- **PROBLEM STATEMENT**
What is needed is an exact copy of the lines from the one containing "Hyundai Palisade 2021 — photo 19" through the last line of the entries below, both included.

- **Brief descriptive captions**
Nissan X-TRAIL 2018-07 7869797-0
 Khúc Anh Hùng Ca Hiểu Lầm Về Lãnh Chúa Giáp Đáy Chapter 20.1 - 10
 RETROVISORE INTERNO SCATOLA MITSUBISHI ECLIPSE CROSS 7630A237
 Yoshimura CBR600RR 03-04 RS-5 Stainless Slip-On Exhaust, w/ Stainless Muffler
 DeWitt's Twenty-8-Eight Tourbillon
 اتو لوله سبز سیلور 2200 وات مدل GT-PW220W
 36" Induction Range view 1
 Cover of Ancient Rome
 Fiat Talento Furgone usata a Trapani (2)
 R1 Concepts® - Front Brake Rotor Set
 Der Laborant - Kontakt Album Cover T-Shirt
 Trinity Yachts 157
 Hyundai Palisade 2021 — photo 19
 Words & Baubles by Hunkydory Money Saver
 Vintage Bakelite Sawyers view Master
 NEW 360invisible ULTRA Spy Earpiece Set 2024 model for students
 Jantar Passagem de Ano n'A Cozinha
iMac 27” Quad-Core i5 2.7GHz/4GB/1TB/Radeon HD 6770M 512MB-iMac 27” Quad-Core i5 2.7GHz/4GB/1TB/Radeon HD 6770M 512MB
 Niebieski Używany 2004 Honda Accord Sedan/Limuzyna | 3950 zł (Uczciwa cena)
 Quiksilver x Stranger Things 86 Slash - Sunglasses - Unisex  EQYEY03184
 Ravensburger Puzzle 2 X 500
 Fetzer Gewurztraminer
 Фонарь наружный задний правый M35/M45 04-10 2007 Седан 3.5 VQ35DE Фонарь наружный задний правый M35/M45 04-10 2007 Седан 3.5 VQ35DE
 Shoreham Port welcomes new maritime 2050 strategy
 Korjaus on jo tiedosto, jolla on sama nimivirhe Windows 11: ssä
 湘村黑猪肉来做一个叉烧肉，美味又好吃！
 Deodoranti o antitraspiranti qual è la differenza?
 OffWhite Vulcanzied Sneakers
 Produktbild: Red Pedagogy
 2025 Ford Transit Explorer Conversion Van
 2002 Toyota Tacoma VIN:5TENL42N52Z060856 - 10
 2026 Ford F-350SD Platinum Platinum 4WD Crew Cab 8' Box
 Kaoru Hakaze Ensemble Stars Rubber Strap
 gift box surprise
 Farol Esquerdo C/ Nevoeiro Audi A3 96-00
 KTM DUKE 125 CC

- **REPLY TO THE TASK**
 Hyundai Palisade 2021 — photo 19
 Words & Baubles by Hunkydory Money Saver
 Vintage Bakelite Sawyers view Master
 NEW 360invisible ULTRA Spy Earpiece Set 2024 model for students
 Jantar Passagem de Ano n'A Cozinha
iMac 27” Quad-Core i5 2.7GHz/4GB/1TB/Radeon HD 6770M 512MB-iMac 27” Quad-Core i5 2.7GHz/4GB/1TB/Radeon HD 6770M 512MB
 Niebieski Używany 2004 Honda Accord Sedan/Limuzyna | 3950 zł (Uczciwa cena)
 Quiksilver x Stranger Things 86 Slash - Sunglasses - Unisex  EQYEY03184
 Ravensburger Puzzle 2 X 500
 Fetzer Gewurztraminer
 Фонарь наружный задний правый M35/M45 04-10 2007 Седан 3.5 VQ35DE Фонарь наружный задний правый M35/M45 04-10 2007 Седан 3.5 VQ35DE
 Shoreham Port welcomes new maritime 2050 strategy
 Korjaus on jo tiedosto, jolla on sama nimivirhe Windows 11: ssä
 湘村黑猪肉来做一个叉烧肉，美味又好吃！
 Deodoranti o antitraspiranti qual è la differenza?
 OffWhite Vulcanzied Sneakers
 Produktbild: Red Pedagogy
 2025 Ford Transit Explorer Conversion Van
 2002 Toyota Tacoma VIN:5TENL42N52Z060856 - 10
 2026 Ford F-350SD Platinum Platinum 4WD Crew Cab 8' Box
 Kaoru Hakaze Ensemble Stars Rubber Strap
 gift box surprise
 Farol Esquerdo C/ Nevoeiro Audi A3 96-00
 KTM DUKE 125 CC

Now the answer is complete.